Ruth Reinhardt served as Assistant Conductor of the Dallas Symphony for the final two seasons of Jaap van Zweden’s tenure as Music Director (2018-2020). She received her master’s degree in Conducting from the Juilliard School of Music in New York in 2017. She was a Dudamel Fellow of the LA Phil (2017-2018), conducting fellow at both the Seattle Symphony (2015-2016) and Tanglewood Music Center (2015), and Taki Concordia associate conducting fellow (2015-2017). She currently makes her home in Switzerland.

Artist Bio: Eva Gevorgyan, piano

Yamaha Young Artist, Eva Gevorgyan, is a laureate in more than forty piano competitions, including top prizes at the 2018 Cleveland International Piano Competition for Young Artists and the 2019 Van Cliburn Young Artist Competition. More recently she has won the Prix du Bern in Switzerland in 2023, Discovery Award at the 2019 International Classical Music Awards, the Great Prize at the Russian National Orchestra Competition in 2021, in addition to being finalist and winner of the Special Prize at the Chopin International Piano Competition in Warsaw, Poland.

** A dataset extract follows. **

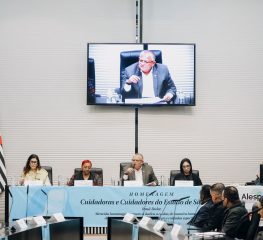 Dr. Jorge do Carmo homenageia quem cuida e discute seus direitos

She has performed as soloist with the Dallas Symphony, Lucerne Symphony, Warsaw Philharmonic, Prague Symphony Orchestra, Filarmonica de Bologna, Mariinsky Orchestra, National Philharmonic of Russia, Russian National Orchestra, Evgeny Svetlanov Academic State Symphony, Stuttgart Philharmonic, Leipzig Symphony, Mexico National Symphony, Armenia National Philharmonic, Gavle Symphony, Kristiansand Symphony, Sydney Symphony, Malta Philharmonic, and with the Novaya Opera Orchestra, where she debuted as a soloist/conductor performing Prokofiev’s Piano Concerto No. 3. Eva is also frequently invited to international festivals, such as Verbier, Festival Internacional Cervantino, White Nights Festival, Brescia and Bergamo Piano Festival, Bach Montreal Festival, and La Roque d’Antheron. In July 2024, Eva made her highly anticipated recital debut at Amsterdam Concertgebouw.

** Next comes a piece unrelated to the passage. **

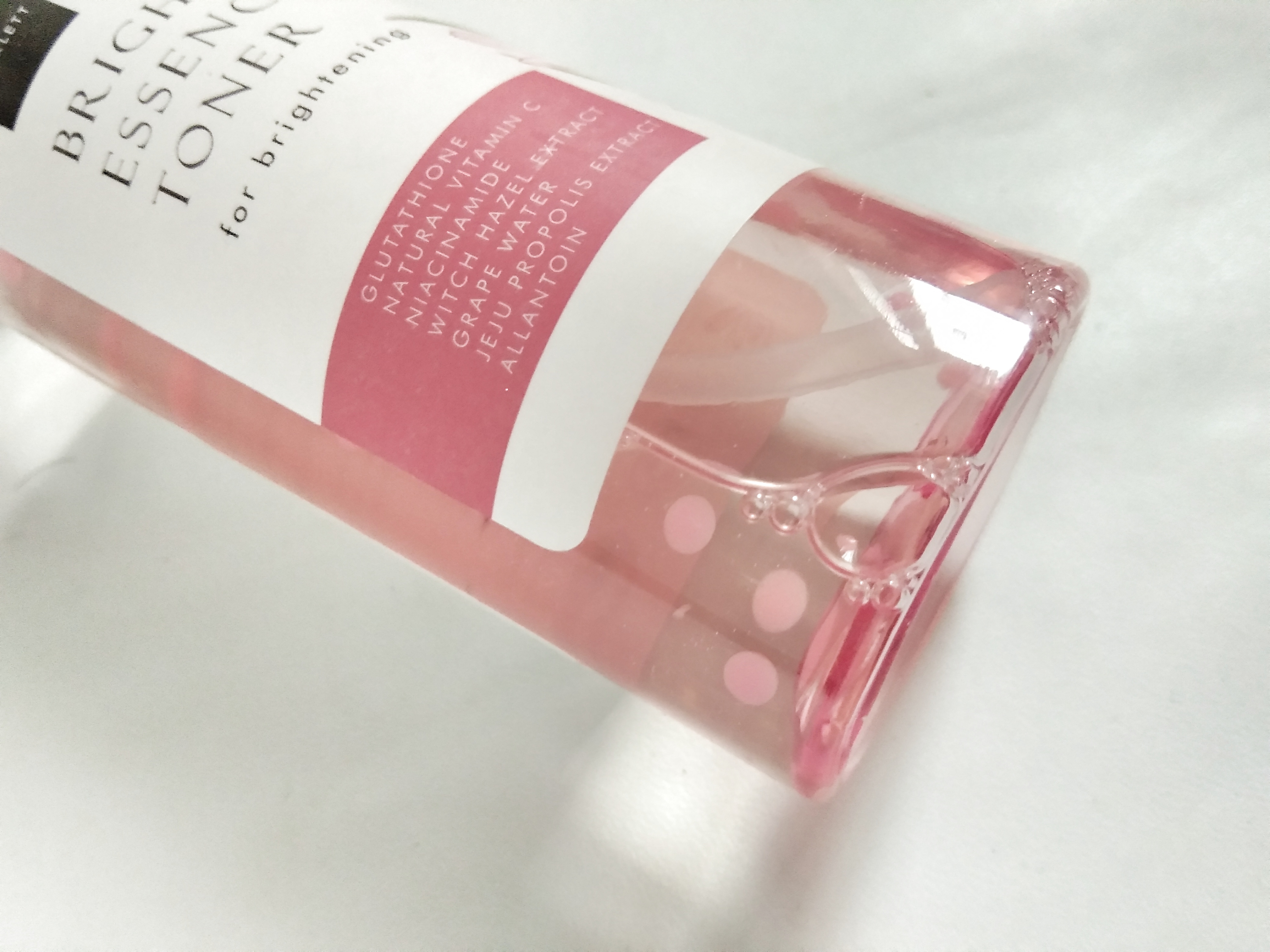 Scarlett Brightly Essence Toner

Eva’s 2025–26 season features an exciting array of debut and return appearances with leading orchestras and venues worldwide. She makes her debut with the Göttinger Symphony, Brussels Philharmonic, New Jersey Symphony, and Auckland Symphony. She also returns to the Belgrade Symphony and Stuttgart Philharmonic. Her recital schedule includes performances in Bad Kissingen, Bielefeld, Münster, Oporto's Casa da Música, Berlin Konzerthaus, De Singel (Antwerp), Amare Master Pianist Series (The Hague), Fundación Scherzo (Madrid), and Hamburg’s Elbphilharmonie. Eva will perform with the Academy of St. Martin in the Fields at the Tonhalle Zürich and with the Armenian National Philharmonic at the Brescia and Bergamo Festival. She also joins the Chamber Orchestra of Europe for concerts at the Esterházy Palace and a tour across Italy. In the chamber music sphere, she will collaborate with Alexandra Conunova and the Timișoara Philharmonic, and will perform with Pablo Ferrández, Yamen Saadi, and Sara Ferrández in upcoming concerts at Barcelona’s L’Auditori and with the Orchestre Philharmonique de Monte Carlo.

Eva pursues studies at the Tchaikovsky Conservatory’s Central School of Music in Moscow with Natalia Trull and at the Escuela Superior de Música Reina Sofía in Madrid, under the guidance of Stanislav Ioudenitch. She has also been granted the prestigious scholarship at the 2020 Klavier-Festival Ruhr by Evgeny Kissin.

Her first CD on the Melodiya label, featuring works by Chopin and Scriabin, was released in 2022, and received great acclaim.